Galerie ŻAK | BRANICKA, Berlin
Na wystawach, które odbyły się w 2008 roku, zaprezentowano plakaty macedońskich artystów Yane Calovskiego i Hristiny Ivanoskiej (*1973), odnoszące się do projektu hipotetycznego muzeum polskiego architekta Oskara Hansena (1922-2005) dla miasta Skopje, zniszczonego przez trzęsienie ziemi w roku 1963; wielkowymiarowe fotomontaże w ramach wystawy indywidualnej Zofii Kulik (*1947 we Wrocławiu), która rok wcześniej brała udział w 12 edycji Documenta; rysunki i prototypy Piotra Jarosa (*1965 w Myślenicach), polskiego twórcy obiektów, instalacji, fotografii, filmów i performance’ów; projekt mieszkającego w Poznaniu i Wrocławiu artysty multimedialnego Huberta Czerepoka (*1973 w Słubicach) na temat statku kosmicznego „Haunebu”, rzekomego wynalazku Niemiec z czasu II Wojny Światowej, do którego ukazał się jeden z pierwszych katalogów galerii; pokazano wystawę „Fat Trout” zielonogórskiego malarza Michała Jankowskiego (*1977) oraz ekspozycję ściennych obrazów warszawskiego malarza Jarosława Flicińskiego (*1963 w Gdańsku), odwołujących się do czasu i przestrzeni za pomocą zgeometryzowanych form; a także film video „Summertale” (Opowieść letnia) warszawskiej artystki multimedialnej Katarzyny Kozyry (*1963), która reprezentowała Polskę na Biennale w Wenecji w 1999 roku, oraz wystawę Anny Baumgart (*1966 we Wrocławiu), warszawskiej rzeźbiarki i autorki prac video, na której można było zobaczyć jej najnowszą pracę, „The Hypothesis of the Stolen Image” (2008), powstałą na podstawie zdjęcia z 1961 roku, zrobionego podczas budowy Muru Berlińskiego.
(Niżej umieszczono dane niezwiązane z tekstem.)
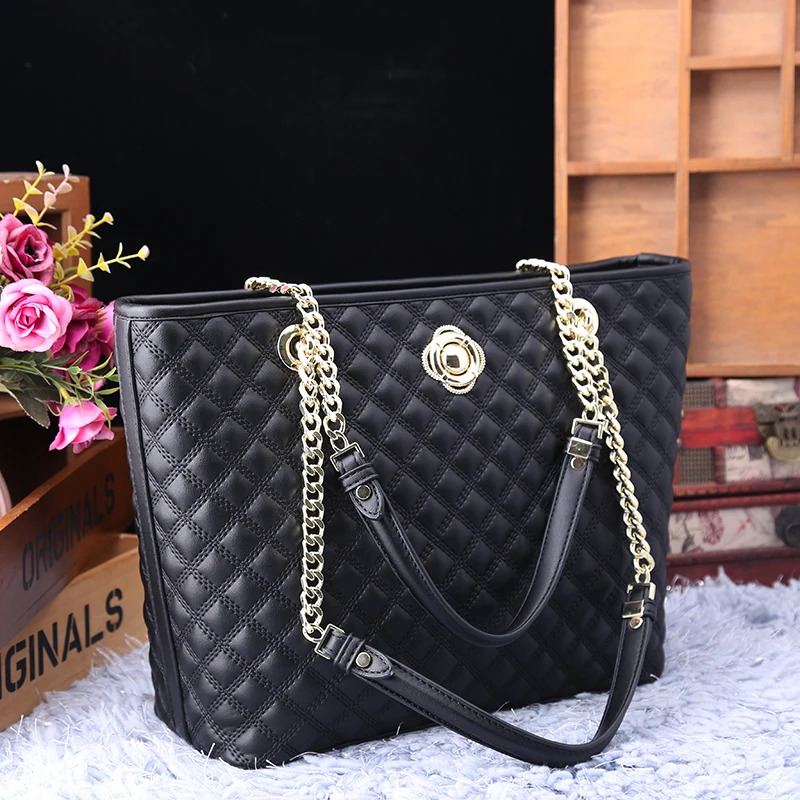 

Genuine Leather Women 2020 New Fashion Rhombic Sheepskin Chain Shoulder Large Capacity Bag Purses and Handbags Luxury Designer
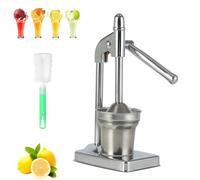 Cast Iron Juicer Hand Press, Manual Juicer Hand Press, Stainless Steel Manual Lemon Squeezer for Lemon, Lime & Orange, Easy-to-Use with Non-Skid Cup Base for Bar Kitchen (Silver)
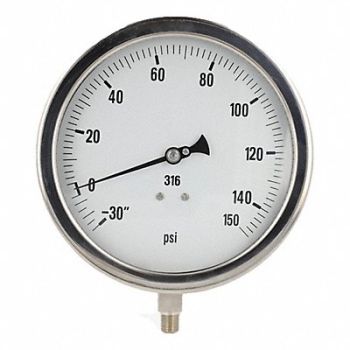 PIC GAUGES Compound Gauge Heavy Duty 6 In 30/0/160, 20TX61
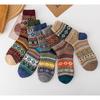 Men's Ethnic Style Wool Mid-Calf Socks - Double-Way, Warm & Thick for Autumn/Winter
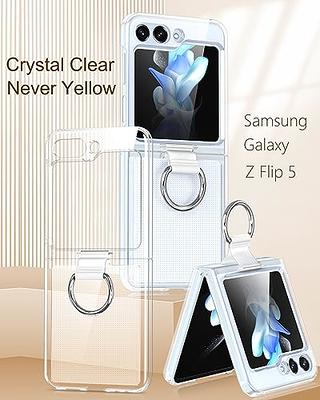 For Samsung Galaxy Z Flip 5 Case, Z Flip 5 Case With Screen Protector &  Ring Holder Pu Leather Hard Z Flip 5 Cover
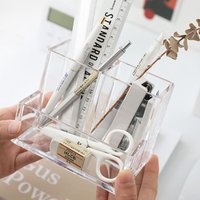 The Transparent Acrylic Three-compartment Pen Holder for Desk Renovation Student Storage Box Square Stationery Desktop Organizer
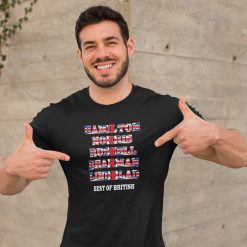 Black T-shirt mockup featuring stacked driver surnames—Hamilton, Norris, Russell, Bearman and Lindblad—in bold Union Jack-style lettering, with “Best of British” underneath; ideal British-themed fan shirt for the 2026 Formula 1 season and Silverstone 2026.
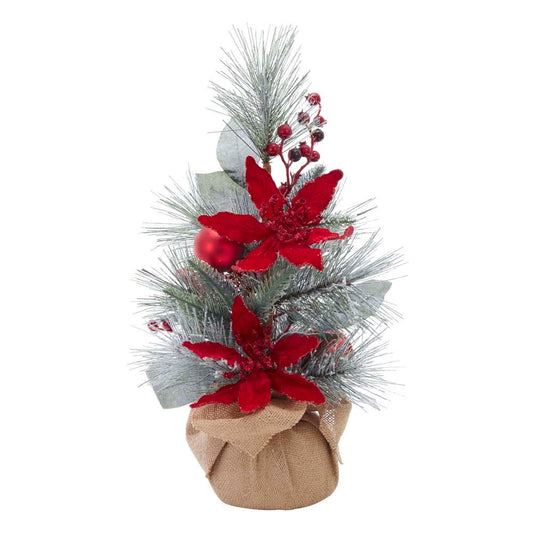 Kurt S. Adler 18-Inch Flocked Berries and Poinsetta Christmas Tree, red, Brown, Silver
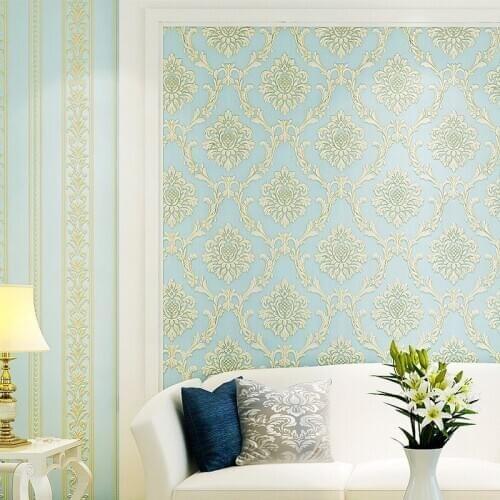 European Style 3D Embossed Damask Wallpaper Roll Living Room Bedroom Striped Non-woven Wallpaper Home Decoration Papel De Parede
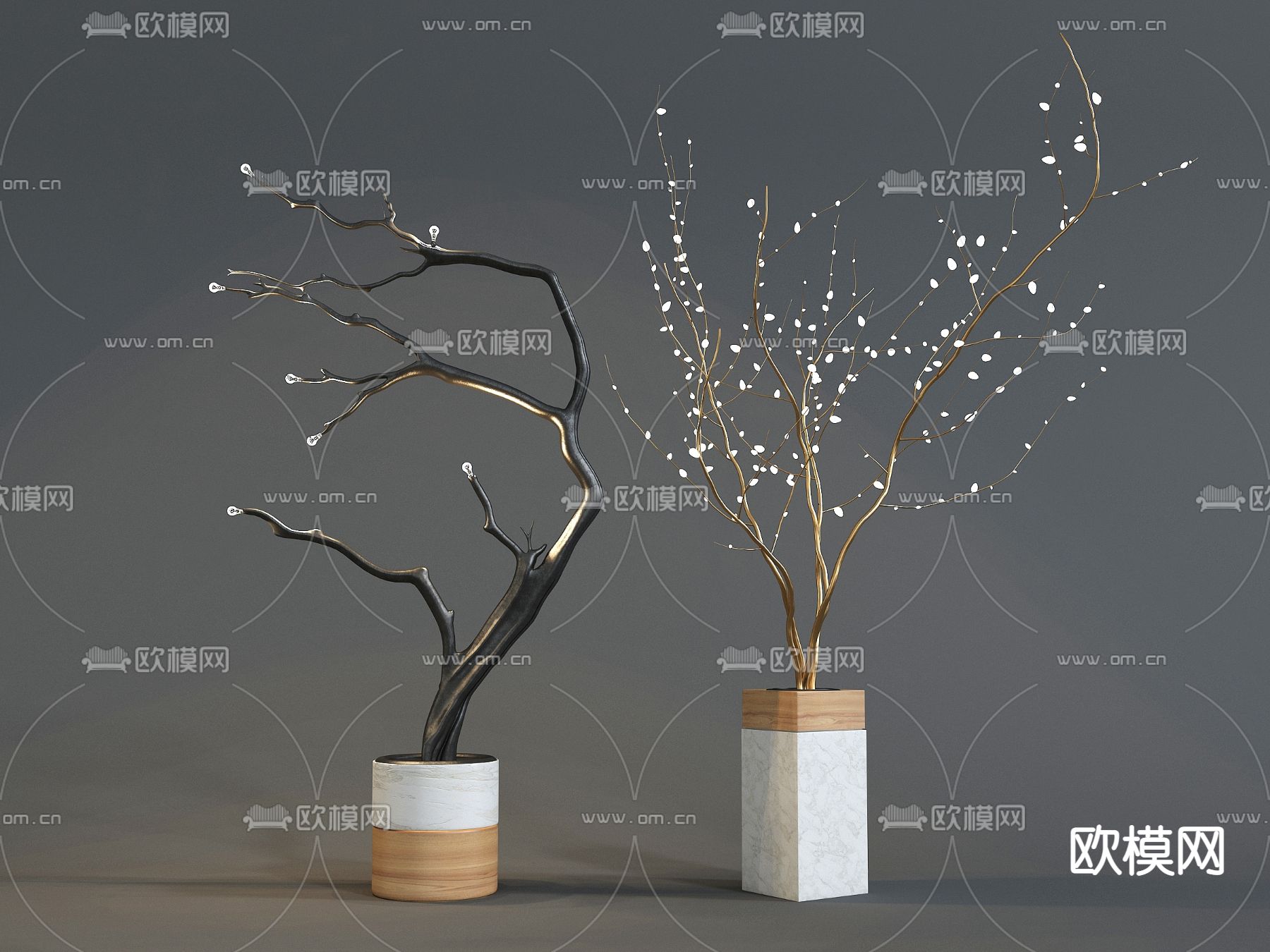 树枝装饰灯3d模型下载_ID14074436_3dmax免费模型-欧模网
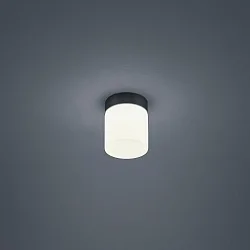 Luminaire de plafond KETO cylindrique, commutable, avec diffuseur IP44, noir mat 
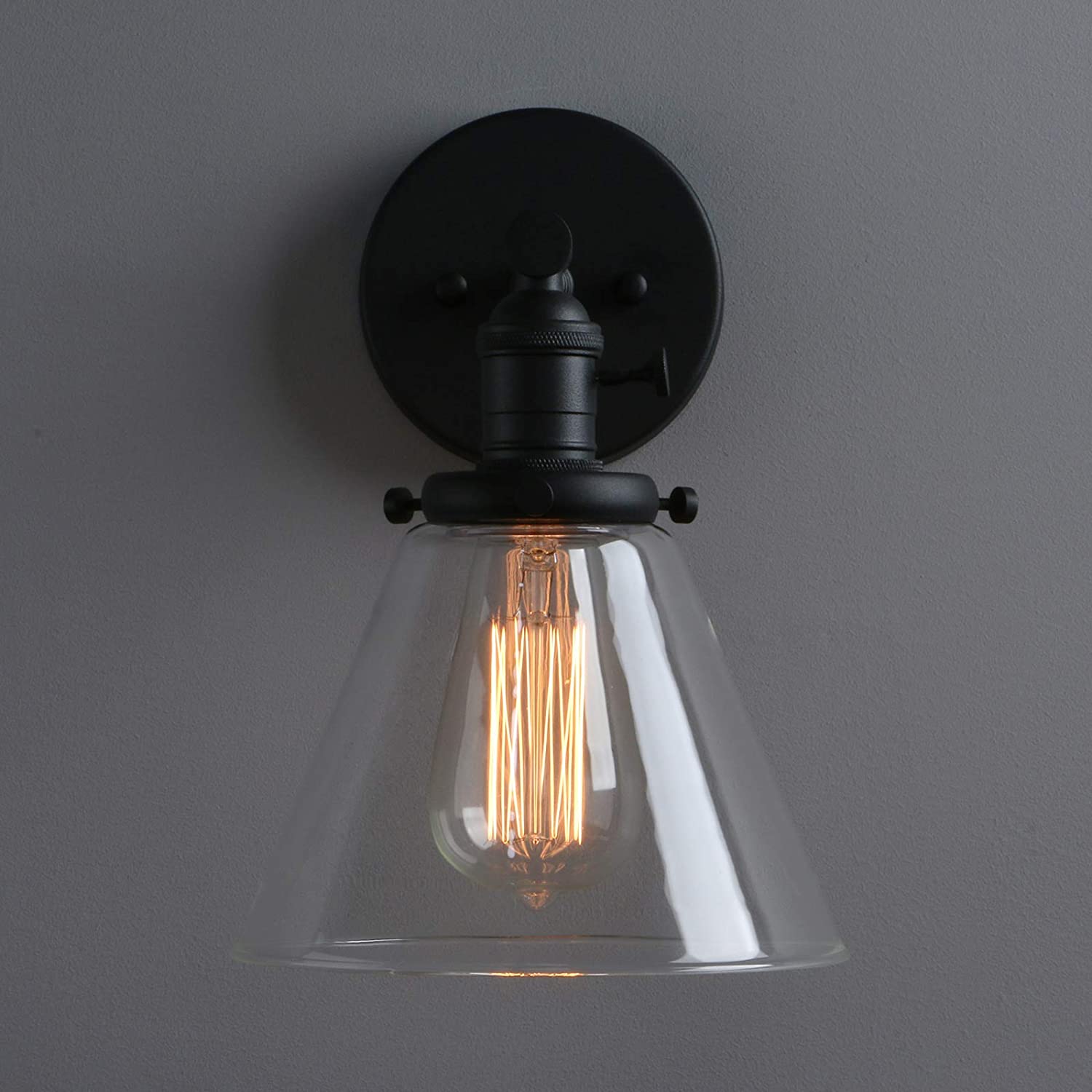 Phansthy Edison Industrial Wall Sconce 7.3 inch Vintage Brass Glass Wall Light Fixture Decorative Lighting for Kitchen Living Room - Image 3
Do wystaw Zofii Kulik, Jankowskiego, Flicińskiego i Kozyry ukazały się również katalogi, które odtąd wydawane są w serii publikacji w formacie poziomym, z ilustracjami, mające przeciętnie dziesięć stron. Można je pobrać w formacie PDF ze strony internetowej Galerii. Poza tym cztery razy w roku ukazuje się biuletyn informacyjny w języku angielskim pod tytułem ŻAK BRANICKA NEWSPAPER.
Realizacja w pełni polskiego programu, nigdy nie była jej celem, wyjaśnia Monika Branicka. Jednak, jako nowo powstała berlińska galeria nieposiadająca wystarczających znajomości czy ugruntowanej sieci kontaktów, nie miałyby możliwości zwrócenia się do znanych lub co najmniej pozytywnie zaistniałych na rynku sztuki artystów i artystek. Tacy artyści współpracowali już z galeriami o światowym zasięgu. Sytuacja w Polsce była jednak inna. Rynku sztuki tam nie było, zaś liczba galerii i kolekcjonerów była znikoma. Właścicielki Galerii mogły więc bez problemu nawiązać kontakty z tymi artystami, których ceniły najbardziej: „To byli i są najlepsi twórcy sztuki w Polsce, Zofia Kulik, Józef Robakowski i w późniejszym czasie także Ryszard Waśko. To klasycy, znani również w Niemczech.” Z Berlina obserwowały młodych polskich twórców sztuki, częściowo jeszcze studiujących na akademiach sztuk pięknych w Polsce czy w Niemczech, i wybierały największe talenty. Wśród nich znalazła się Agnieszka Polska (*1985 w Lublinie), która w owym czasie studiowała na trzecim roku w Akademii Sztuk Pięknych w Krakowie, po czym kontynuowała studia w Berlinie. W międzyczasie wzięła udział w 57. edycji Biennale w Wenecji a w 2017 roku jest nominowana do Preis der Nationalgalerie (nagroda berlińskiej Galerii Narodowej). W Galerii artystka zaistniała po raz pierwszy, gdy na wystawie zbiorowej z udziałem siedmiu artystów sztuk wizualnych z Polski pod tytułem „Video Point” w 2008 roku pokazano jej video „Video Gymnastics” oraz „Grass Film (Hair)”.